I could imagine a few things:

  1. My intuition is wrong because, though the data in the survey is sparser, it is also much more specific (the predictors take on a much wider range of values).
  2. My intuition is wrong because of the interaction of a few predictors and all of the de-centering and de-correlating.
  3. I have a bug in the model!

But I’m not sure how best to figure out which it is. Any ideas would be much appreciated!

Adam

  • List item

P.S. I’ve mostly eliminated possibility 2, above. I’m re-running with just one predictor and it remains true that when fitting the combined data-sets, the smaller (in terms of total count of voters) still somehow dominates the result.

I’ll note, as much out of total confusion as anything else, that the source with more counts is ~400 rows with counts in the 100k level (300k voters out of 500k voting eligible people, or 150k voters for a particular candidate out of 300k voters) whereas the source with fewer counts comes in as 5000 rows with ~30 voters (and ~15 voting for the given candidate), So it’s smaller in terms of total counts but has more rows. Which shouldn’t matter, right?
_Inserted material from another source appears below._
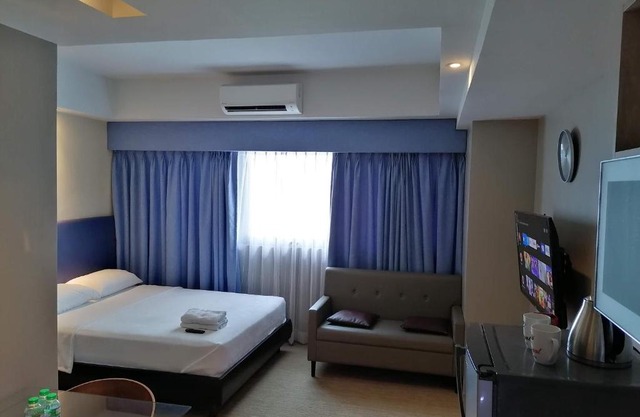 Studio Deluxe @ Sta.Lucia East Grand Mall - Hotel & Residences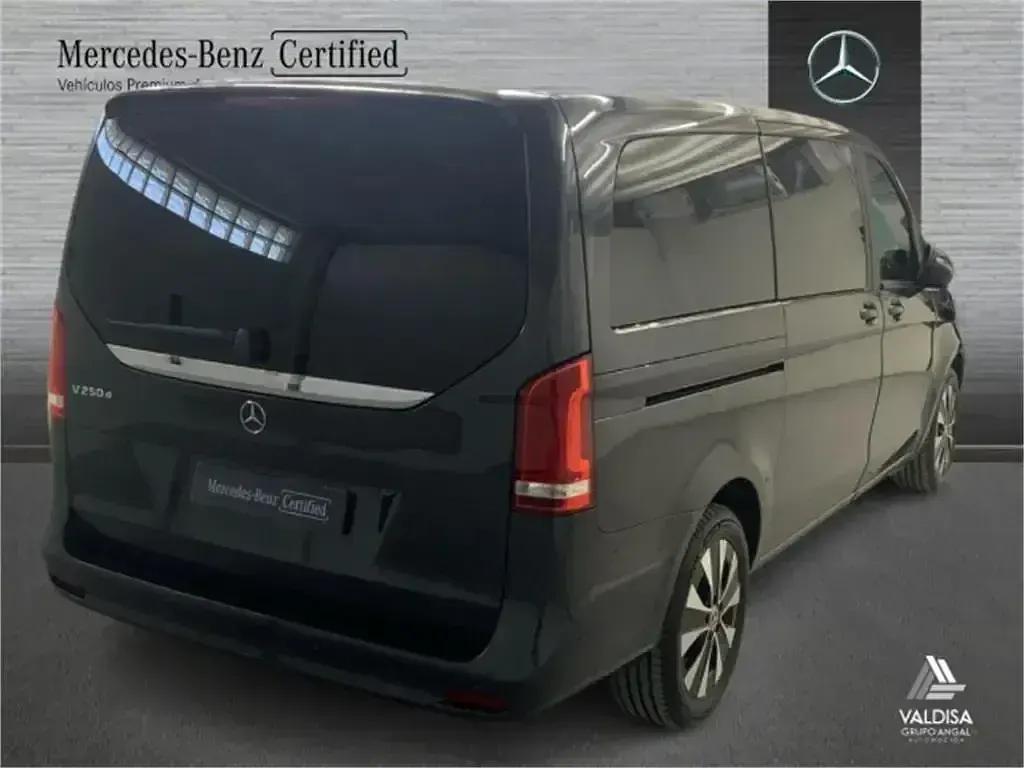 Usado Mercedes V250 190 CV (139 kW) 2024 Gris / plata Monovolumen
Hm, to be quite honest I have no clue what’s going on here. I’m inclined to say it’s

but it also strongly goes against my intuition.

Let’s try our luck and see if @betanalpha has time to share some insights. :)

Cheers,
Max

Yeah. I think this is it as well. The intercept acts as we both think it ought to, much more strongly influenced by the higher count data. But the various predictors don’t, even one at a time. Though the ones where the lower count data cover a wider range of values show this most of all.
I changed the model so that the data sources have separate intercepts–which doesn’t change the issue in the original post. Different intercepts make more sense, particularly for the turnout bit, since that’s computed somewhat differently in the two cases.

I won’t be able to offer any particularly detailed insight here.

As always it’s easier to understand general questions like these by abstracting the problem into as simple a simulation as possible. In particular by working with simulations one could remove any problems with representative sampling entirely and focus purely on the aggregation behaviors. Simpler problems will also make it much easier for others participate without having to invest too much time.

In general aggregation can be tricky if not implemented in a statistically-consistent way. For example using an empirical mean, mean_y ~ normal(mu, sigma), instead of the individual data, y_n ~ normal(mu, sigma), will result in a likelihood function that’s artificially wide even though the empirical mean is a sufficient statistic. Although his may appear a trivial mistake similar mistakes are not uncommon in real models, especially as the sophistication grows. For example when only aggregate data are available isn’t not always possible to analytically integrate the generative model for individual data into a generative model for the aggregate data, and approximate aggregate models can introduce inconsistent behavior when looking at different aggregations.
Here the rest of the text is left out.